Hudson, who lives near the Gorge Road, says her well water is so filthy as a result of uranium drilling activity in the area that it can't be used for drinking or washing clothes.
"Since February my water had turned like a yellowish colour because it's dirt getting in there. It's surface water."
Hudson, who says she tests her well each year, said the problems began in February, shortly after a uranium exploration company began drilling holes several houses away from hers. Last October, a test of her water came back clean. A test taken in July showed coliform and surface water in the well.
Four of the holes weren't filled, allowing ground water to seep into her well, she said.
"Before they came in here, my water was perfect."
And, because the holes were drilled prior to the guidelines introduced by the provincial government, the company wasn't required to test the well water prior to drilling and following completion of the project. The company also wasn't required to fill the holes with bentonite, a form of clay.
"They can leave the holes wide open and leave the province," said Hudson of the uranium companies.
After numerous phone calls and weeks of waiting, Hudson said she received a call from the Department of Natural Resources on Monday to say that the company Sparton Resources Inc is responsible for filling the holes.
However, she was also told the company officials are currently in China and would be difficult to reach.
Hudson said she doesn't understand why the government is leaving it up to her to fix the situation.
"It's coming on September. If I have to dig a new well, well I have to know because I can't live like this," she said. "I don't think they understand. I don't think they get it."
Lee Barker, president and CEO of Sparton Resources, said no one has contacted him about the situation and insists that all of the holes drilled by the company were properly filled and checked by the provincial environment department.
"Those holes have been checked three times now so, whatever, nobody's contacted us," he said, adding the holes were cemented.
Barker also said he's unaware of any damage to any wells.

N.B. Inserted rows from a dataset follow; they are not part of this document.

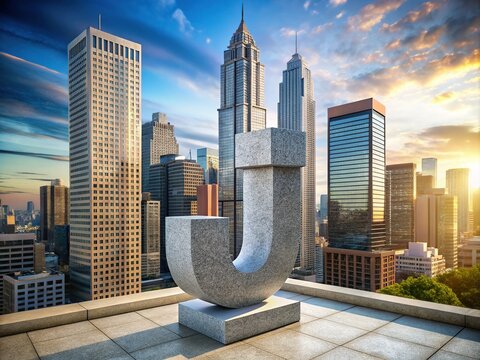 A majestic, granite-sculpted letter J rises from a pedestal, set against a backdrop of gleaming skyscrapers and city streets, symbolizing urban power and finance.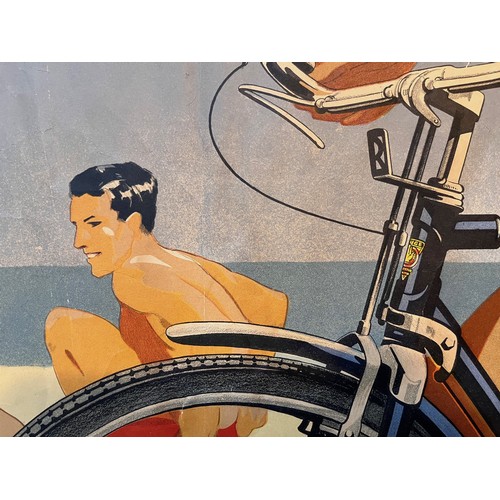 395 - Vintage cycling advertising poster for Rudge bicycles. 
74 cm x 33 cm

In house shipping is availabl... 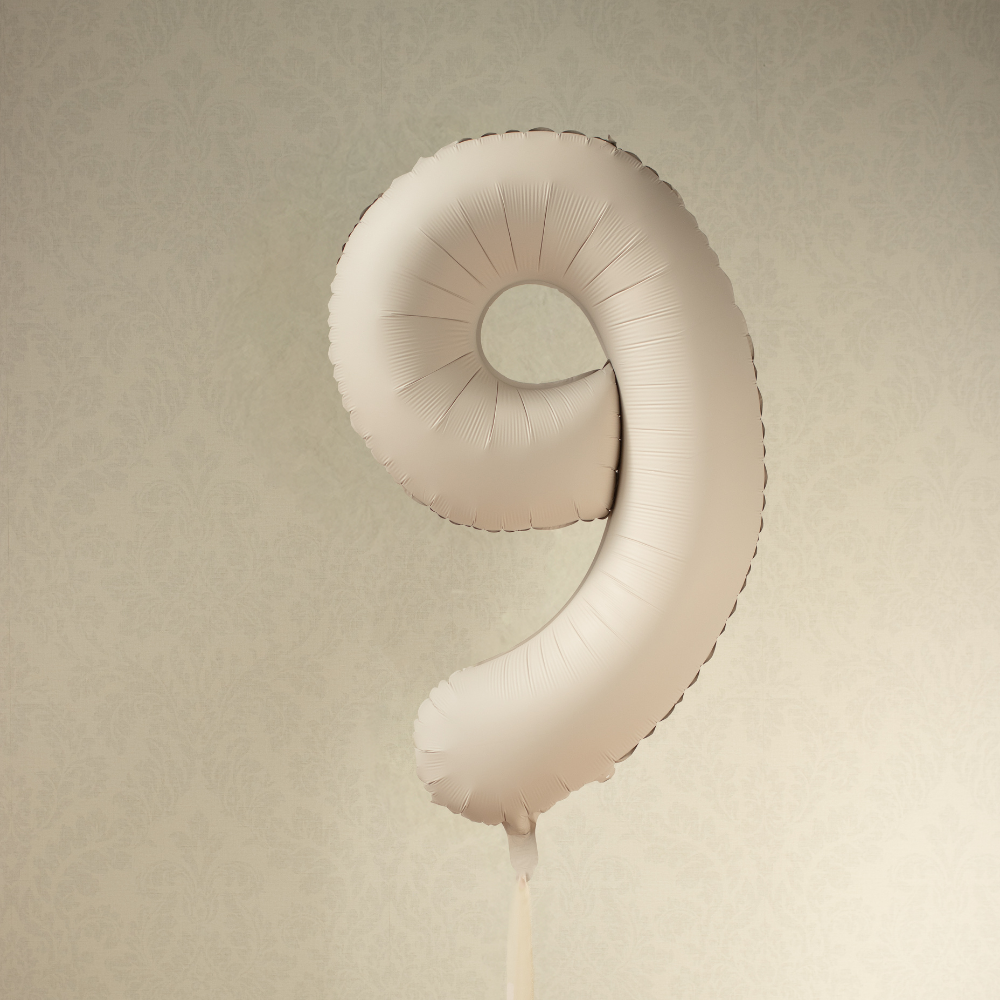 Balon foliowy Cyfra '9', 86cm, jasny beż.webp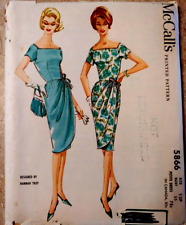 Vtg. 1961 McCalls #5866 Petite Dress Raglan Sleeves Dart Bodice Sz 12P Bust 33 picture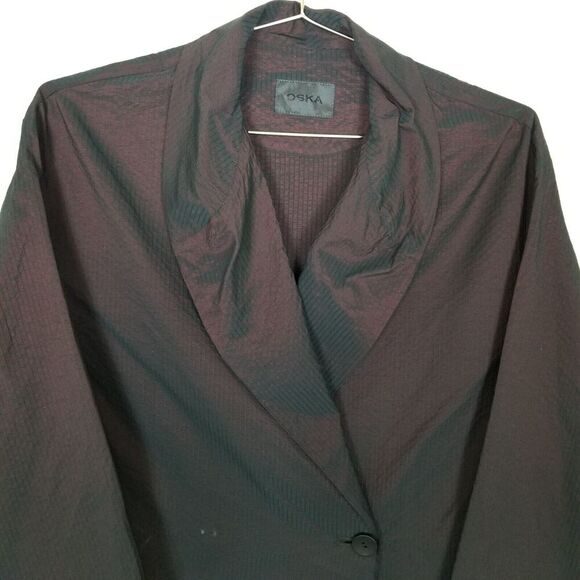 OSKA Women Blazer Jacket Sz 2 US L Regular Brown Satin Chameleon Event Party - Picture 2 of 7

However Sheri Strickland, spokeswoman for the Department of Natural Resources, acknowledged the holes weren't covered, saying it is typically the responsibility of the company to do so. Although Strickland didn't confirm the company in question is Sparton, she also said the department has contacted the responsible company.
"Although we don't know for sure if the holes are affecting the cloudiness of the water, DNR has been helping our concerned citizen in contacting the company to have these holes quickly taken care of," she wrote in an e-mail response to questions.
Uranium exploration and mining dominated the last session of the legislature and prompted protests and public meetings. Following public pressure, the Liberal government introduced a new policy that bans uranium exploration around municipalities. A moratorium is in place until government develops an online staking program.